3. Keep doors locked at drive-up ATMS
At drive-up ATMs, be sure passenger windows are closed and doors are locked. Keep the engine running and leave enough room to between your car and the one ahead of you in the event that you have to depart. When leaving, check that you are not being followed, if you suspect you are please drive immediately to a police or fire station, or to a crowded, well-lighted location or business.
4. Never accept help from strangers
Be careful of people trying to help you with ATM transactions and never accept help from strangers. Regardless how friendly someone may appear you should never reveal your PIN. And don’t let people to look over your shoulder as you enter your PIN. Shield your PIN as much as possible.
5. Check for false fronts
Check the machine for false fronts over the card slot and for anything that looks unusual. Criminals try to copy, or skim, your details and sometimes use a small camera inside the hole in the wall or above the keypad to capture you entering your PIN. *
6. Memorize your PIN
Memorize your PIN and never write it on your card.
7. Avoid wearing expensive accessories
Avoid wearing expensive jewelry, watches, sunglasses, or clothing like furs when you go to the ATM. This makes you a more attractive target for an assailant.

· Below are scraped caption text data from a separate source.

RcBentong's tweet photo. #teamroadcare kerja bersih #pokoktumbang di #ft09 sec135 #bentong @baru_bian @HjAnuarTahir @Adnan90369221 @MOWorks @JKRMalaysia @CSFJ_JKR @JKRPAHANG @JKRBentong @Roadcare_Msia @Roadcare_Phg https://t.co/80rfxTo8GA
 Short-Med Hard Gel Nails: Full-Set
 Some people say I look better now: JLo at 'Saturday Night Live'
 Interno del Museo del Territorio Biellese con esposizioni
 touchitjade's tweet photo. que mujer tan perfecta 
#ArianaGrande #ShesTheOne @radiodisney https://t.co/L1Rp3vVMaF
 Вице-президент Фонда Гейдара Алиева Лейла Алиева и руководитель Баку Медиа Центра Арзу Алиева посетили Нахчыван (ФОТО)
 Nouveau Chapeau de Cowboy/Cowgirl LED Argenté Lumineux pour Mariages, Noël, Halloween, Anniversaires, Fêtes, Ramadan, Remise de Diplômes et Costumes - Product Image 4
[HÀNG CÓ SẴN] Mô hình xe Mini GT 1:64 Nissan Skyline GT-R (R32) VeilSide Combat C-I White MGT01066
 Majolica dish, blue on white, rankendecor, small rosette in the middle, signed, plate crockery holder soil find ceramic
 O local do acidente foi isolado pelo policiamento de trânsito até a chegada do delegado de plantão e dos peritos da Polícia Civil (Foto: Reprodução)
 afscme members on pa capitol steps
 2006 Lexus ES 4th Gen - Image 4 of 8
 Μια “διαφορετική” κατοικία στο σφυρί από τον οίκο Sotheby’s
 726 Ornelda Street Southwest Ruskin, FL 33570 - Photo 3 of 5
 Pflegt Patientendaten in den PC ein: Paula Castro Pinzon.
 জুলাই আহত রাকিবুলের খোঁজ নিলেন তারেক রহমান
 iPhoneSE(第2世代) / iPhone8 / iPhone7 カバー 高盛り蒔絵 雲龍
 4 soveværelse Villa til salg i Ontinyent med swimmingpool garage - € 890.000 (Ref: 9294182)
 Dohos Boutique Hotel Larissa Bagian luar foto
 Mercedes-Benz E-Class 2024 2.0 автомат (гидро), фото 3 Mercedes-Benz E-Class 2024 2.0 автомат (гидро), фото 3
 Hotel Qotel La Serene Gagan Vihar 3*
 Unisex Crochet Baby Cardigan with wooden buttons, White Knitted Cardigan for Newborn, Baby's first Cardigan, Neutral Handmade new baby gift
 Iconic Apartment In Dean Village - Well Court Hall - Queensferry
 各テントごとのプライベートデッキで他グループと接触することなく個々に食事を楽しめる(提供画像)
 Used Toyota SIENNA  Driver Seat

8. Don’t count your cash in public
Do not count cash at the machine or in public. Wait until you are in your car or another secure place.
9. Do not linger
Expedite your transaction and do not linger. Avoid using the ATM for multiple transactions that will lengthen your stay, especially at night. Prepare all transactions and endorse checks prior to your arrival at the ATM.
10. Watch your bank statements
Watch your bank statements carefully, including balances and withdrawals, and immediately report any problems to your bank.
Lastly, the general consensus from law enforcement encourages that if you are involved in a confrontation with an assailant, comply, do not resist or risk your life over money.
*A look at fraud
And a recent FICO study reports that the number of compromised ATMs in the U.S. increased dramatically at 546% from 2014 to 2015. This was due in large part to nonbank-owned ATMs, which accounted for 60% of ATM fraud in 2015, compared to 39% in 2014. The New York Times report, “Most ATM fraud occurs through “skimming,” a process in which criminals install an illegal card-reading device inside of ATMs to steal card numbers and record keypad entries to get PIN numbers, and then duplicate cards for sale and use.”